Anindya wrote:
> from what I can make out, if \$$\phi\$$ is our bijection from \$$N\$$ to \$$M\$$, the naturality condition amounts to saying that for all \$$m\in M\$$ and all \$$y, n\in N\$$ we have \$$\phi(n\circ y\circ F(m)) = G(n)\circ\phi(y)\circ m\$$ – but I'm not sure what that entails!

I think you're on the right track! If we set \$$m=1_M\$$ and \$$y=1_N\$$, we get the equation
$\phi(n) = G(n)\circ \phi(1_N),$
so \$$\phi\$$ is completely determined by where it sends \$$1_N\$$. *It must be an invertible element of \$$M\$$ for \$$\phi\$$ to be a bijection, so* let's call that element \$$u_0\$$. Then we know that \$$\phi(n) = G(n)\circ u_0\$$, and the equation \$$\phi(n\circ y\circ F(m)) = G(n)\circ\phi(y)\circ m\$$ becomes
$G(n\circ y\circ F(m)) \circ u_0= G(n)\circ (G(y)\circ u_0) \circ m.$
This is true for all \$$n,y,m\$$ if and only if for all \$$m\in M\$$ we have
$G(F(m))\circ u_0 = u_0 \circ m$
*or*
$G(F(m)) = u_0 \circ m \circ u_0^{-1}.$
*So this means that \$$F\$$ and \$$G\$$ are bijections (and therefore isomorphisms) and they compose to conjugation by a unit.

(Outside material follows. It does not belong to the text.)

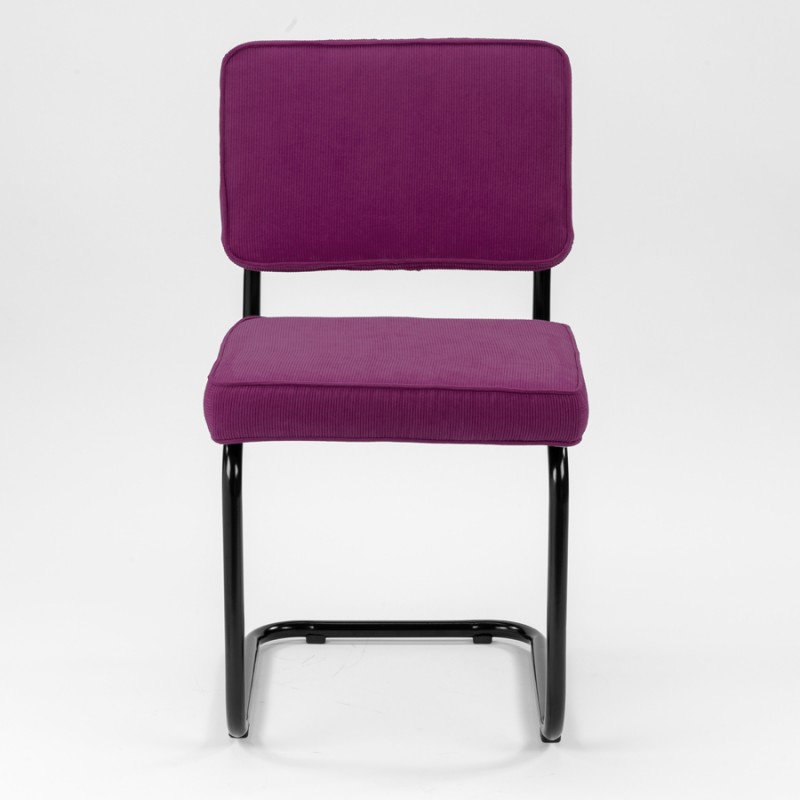 Chaise Ridge rib violet cadre noir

That does seem like a slightly more general version of being inverses!*

**Edit:** I've just realized that all we can deduce from the fact that \$$\phi(n) = G(n)\circ u_0\$$ is a bijection is that \$$u_0\$$ has a *left* inverse: \$$G\$$ of whatever \$$\phi\$$ sends to \$$1_M\$$. That makes the very last step to \$$u_0 \circ m \circ u_0^{-1}\$$ not work. (I'm too used to working with groups and commutative monoids!) But we *can* say instead that if \$$l_0\$$ is a left inverse to \$$u_0\$$, then
$l_0 \circ G(F(m)) \circ u_0 = m.$

So whatever composite \$$G\circ F\$$ is, it has to sort-of-conjugate to the identity.